Thing is, though: what if #1 isn't true?  Then #2 and #3 can be true after all.  (I feel like C.S. Lewis, arguing like this)  Because if #2 isn't, practically speaking, true, if God doesn't exactly like you, apart from not sending you to Hell, and is always disappointed in (grieved with) you, having had NO IDEA what kind of person you'd grow up to be when He sent His Son to die for you, then #1 and #3 aren't really important at all.  
   But what if #1 isn't, practically speaking, true, and #2 and #3 are?
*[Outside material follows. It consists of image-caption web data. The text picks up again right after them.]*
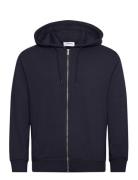 Sweat Hoodie W?. Zip Navy Lindbergh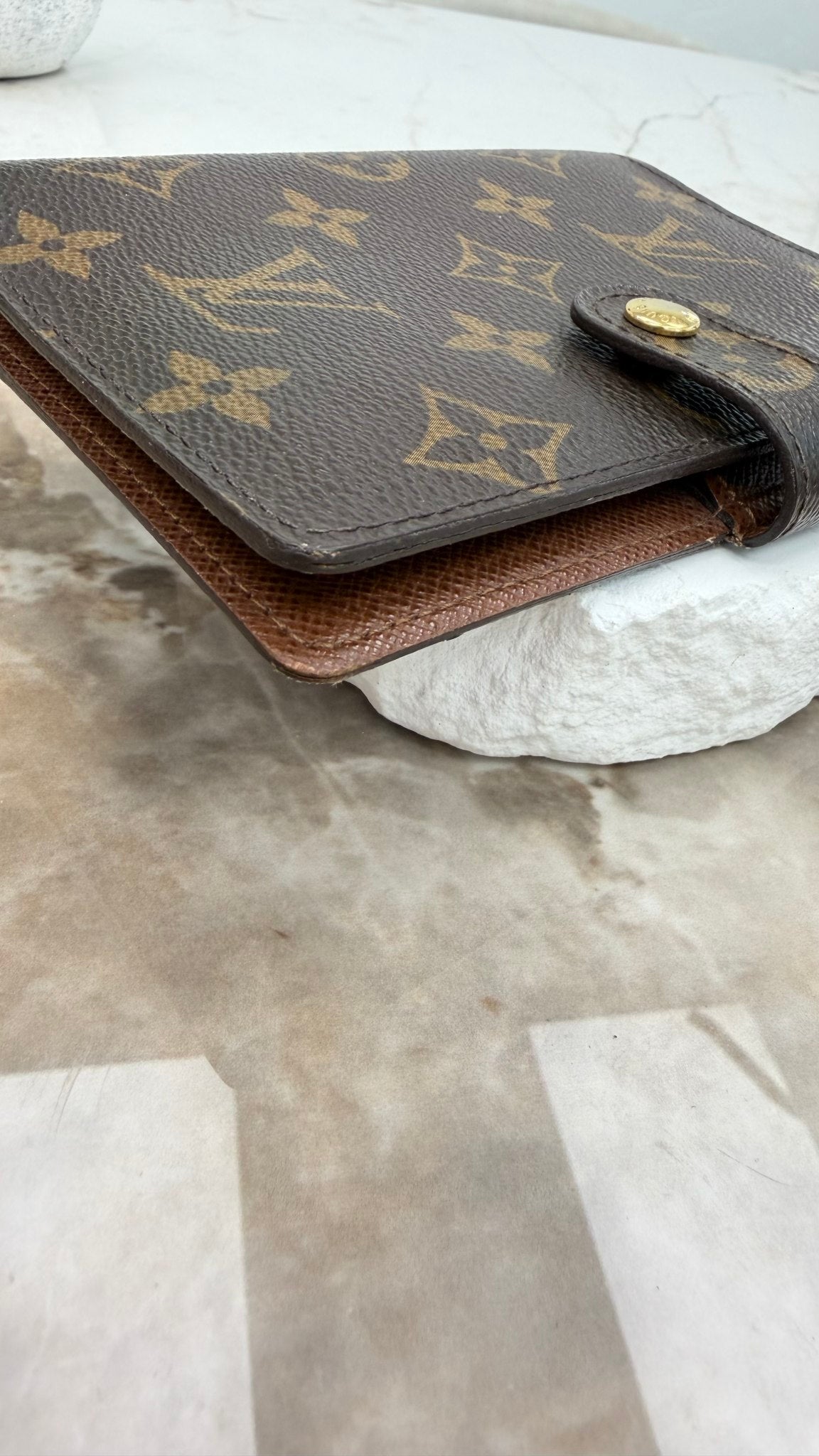 Louis Vuitton Monogram Passport Agenda PM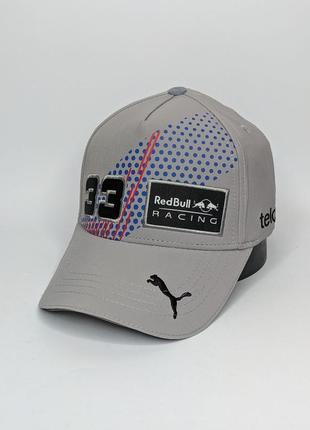 Кепка бейсболка puma / red bull racing4 фото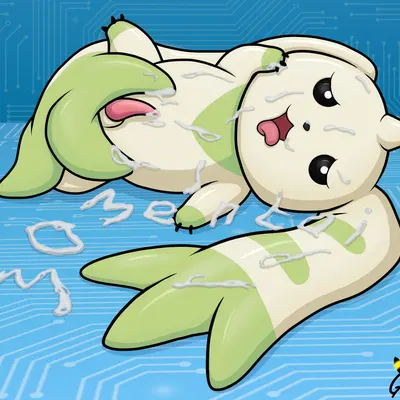 bandai namco, digimon created by gau (artist)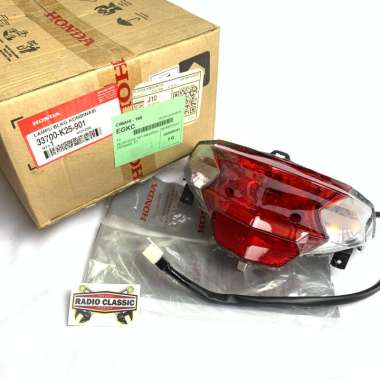 Reflektor Lampu Belakang Light Assy RR Combination Honda BeAT FI CBS 2012-2014 Ori Ahm 33700K25901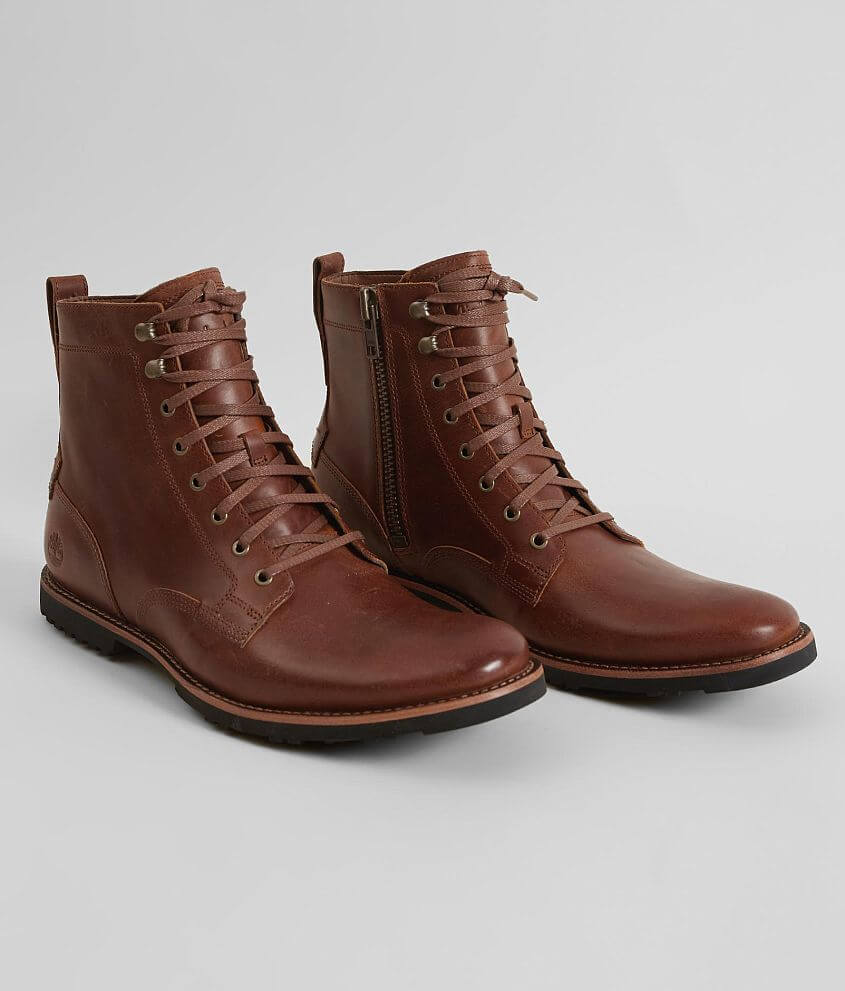 Kendrick Leather - Men's Shoes in Medium Brown | Buckle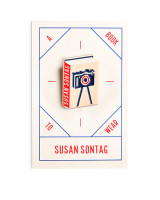 Enamel Pin: Susan Sontag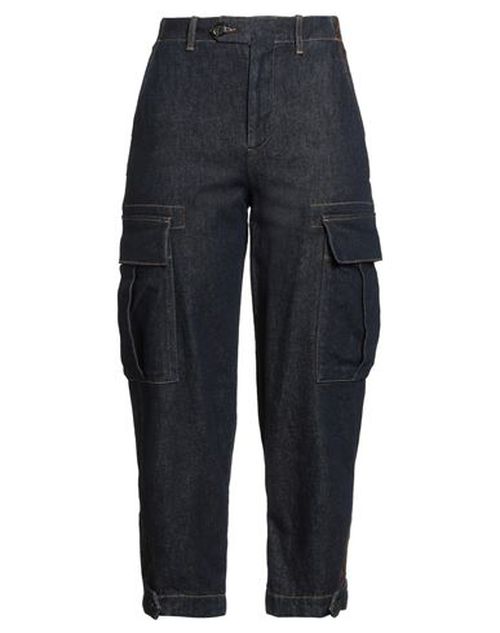 Denim Woman Jeans Blue Size 8 Cotton, Lyocell, Elastane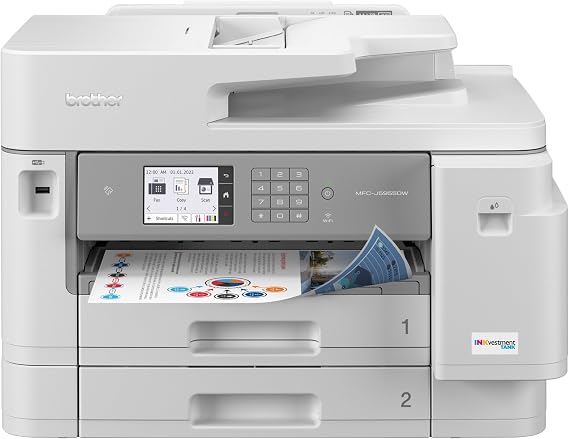 Brother MFC-J6955DW Inkjet A3 1200 x 4800 DPI 30 ppm Wi-Fi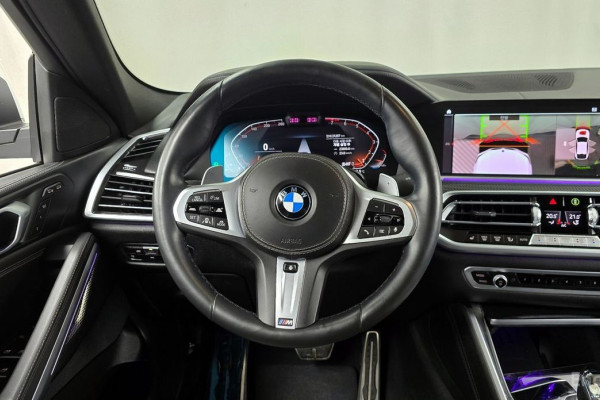 2022 BMW X6 с пробегом 31 207 км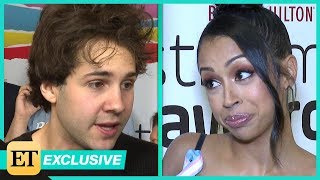 Liza Koshy and David Dobrik on 'Horrible, But Great' Breakup (Exclusive)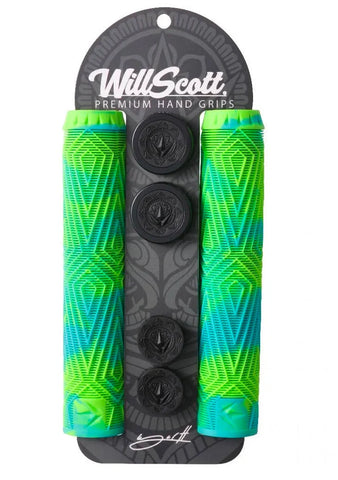 ENVY Will Scott Handgrips - GREEN/TEAL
   What if, in order to let us be, to let us grow, to let us live lives, to let us play any part in our lives at all, God chooses to, and kinda "needs to" not force us in any number of ways?  What if He has to wait, too, to do things the way He does them?  What if, in order to have the relationship, dynamic (and creation) that He wants (because He knows it's good) He needs to let us name the animals, bargain like Abraham, question like Job, over-reach and blurt things out like Peter, so that we eventually find ourselves getting to the point where we can make certain choices that would not previously have occurred or appealed to us?
   Maybe He has to help us grow to the point where we even think to, feel like, and become able to actually make choices that work for Him.  Maybe He has to "wait" too.  For us. Like us.  Maybe if He forces us, or utterly thwarts us, that defeats His purposes utterly.  Maybe if He keeps us from screwing up, from hurting ourselves, our planet, animals and other people, this defeats those purposes.  So, maybe He lets us do horrible things and doesn't stop us, and is there when we need to dig our way out.  Maybe He humours us as we pursue worthless things.
   So maybe God can only in theory do anything He wants, but in practice, there are any number of things that He wouldn't do, because they'd defeat What He's Up To.  Maybe He sees good, and wants us to see it too, and be involved in it.  (I know.  Maybe, maybe, maybe.  Trying to believe the bible, here.  Let me know what works for you, for decades and decades.)
   So if #1 isn't practically true, then #2 and #3 might be.  And I want them to be true.